Consider the following fictional arff file:
@relation referents
@attribute feature1 NUMERIC
@attribute feature2 NUMERIC
@attribute feature3 NUMERIC
@attribute feature4 NUMERIC
@attribute class{WIN,LOSS}
@data
1, 7, 1, 0, WIN
1, 5, 1, 0, WIN
-1, 1, 1, 0, LOSS
1, 1, 1, 1, WIN
-1, 1, 1, 1, WIN
1, 7, 1, 0, WIN
1, 5, 1, 0, WIN
-1, 1, 1, 0, LOSS
1, 1, 1, 1, WIN
-1, 1, 1, 1, WIN
Using WEKA 3-8, open the above ARFF in Explorer. Click on Classify. Select J48 classifier, keeping all default settings.
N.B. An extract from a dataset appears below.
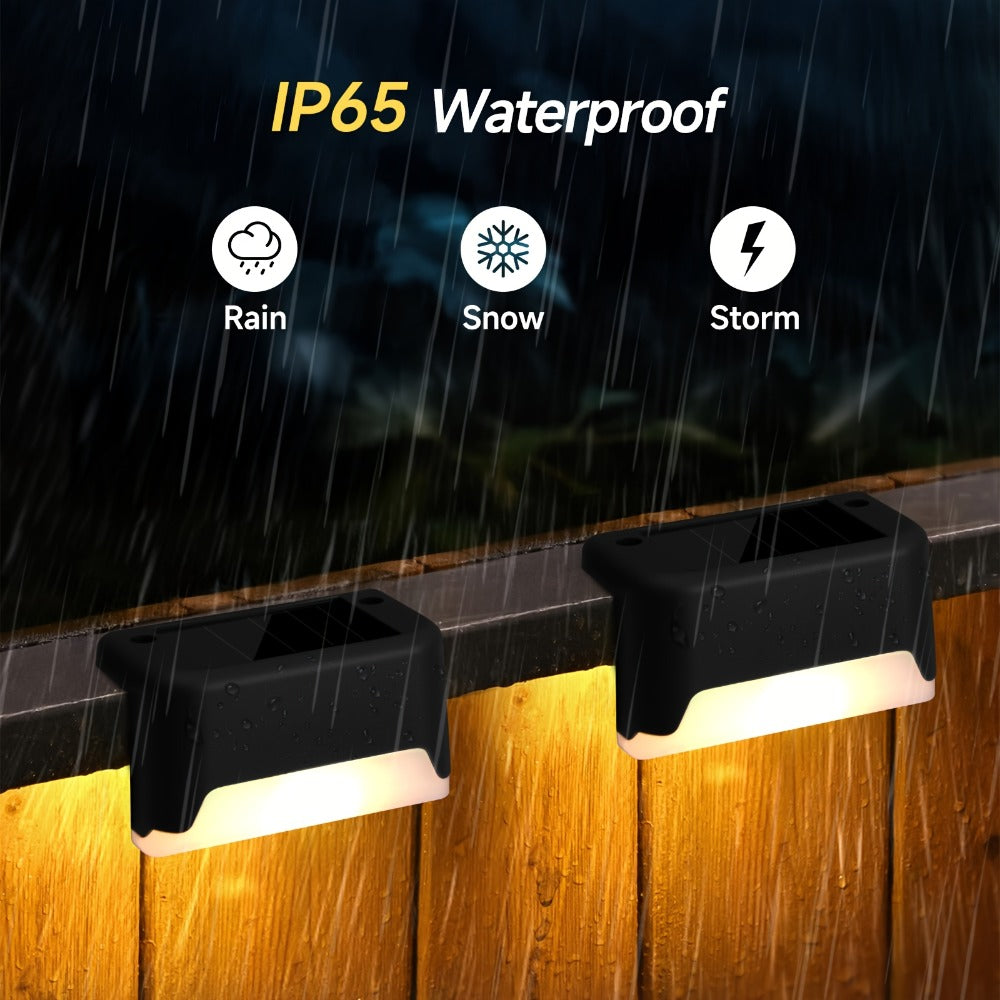 Solar Step Lights IP65 Waterproof – LED Deck Lights for Outdoor Stairs, Fence & Pathway, Auto On/Off Dusk to Dawn
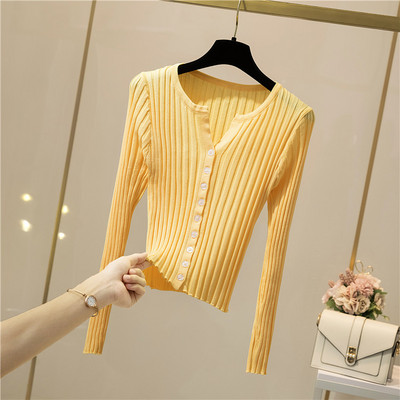 Naiste vabaaja nööpide ja pikkade varrukatega kardigan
Under Test Options, select Percentage split = 50% Click More Options, select Output Predictions->CSV
Click start
You will see the following output:
=== Run information ===
Scheme: weka.classifiers.trees.J48 -C 0.25 -M 2
Relation: referents
Instances: 10
Attributes: 5
feature1
feature2
feature3
feature4
class
Test mode: split 50.0% train, remainder test
=== Classifier model (full training set) ===
J48 pruned tree
------------------
feature1 <= -1
| feature4 <= 0: LOSS (2.0)
| feature4 > 0: WIN (2.0)
feature1 > -1: WIN (6.0)
Number of Leaves : 3
Size of the tree : 5
Time taken to build model: 0 seconds
=== Predictions on test split ===
inst#,actual,predicted,error,prediction
1,2:LOSS,1:WIN,+,0.8
2,1:WIN,1:WIN,,0.8
3,1:WIN,1:WIN,,0.8
4,1:WIN,1:WIN,,0.8
5,1:WIN,1:WIN,,0.8
// skipping the rest of the report...
Observe that the last five instances in the input arff file are in the order
WIN WIN LOSS WIN WIN
However, the actual output 'predictions on test split' is in the order: LOSS WIN WIN WIN WIN
Why are these not in the same order, and also, how is one supposed to make the connection between the inst# in 'predictions on test split' and the @data instance in the arff file?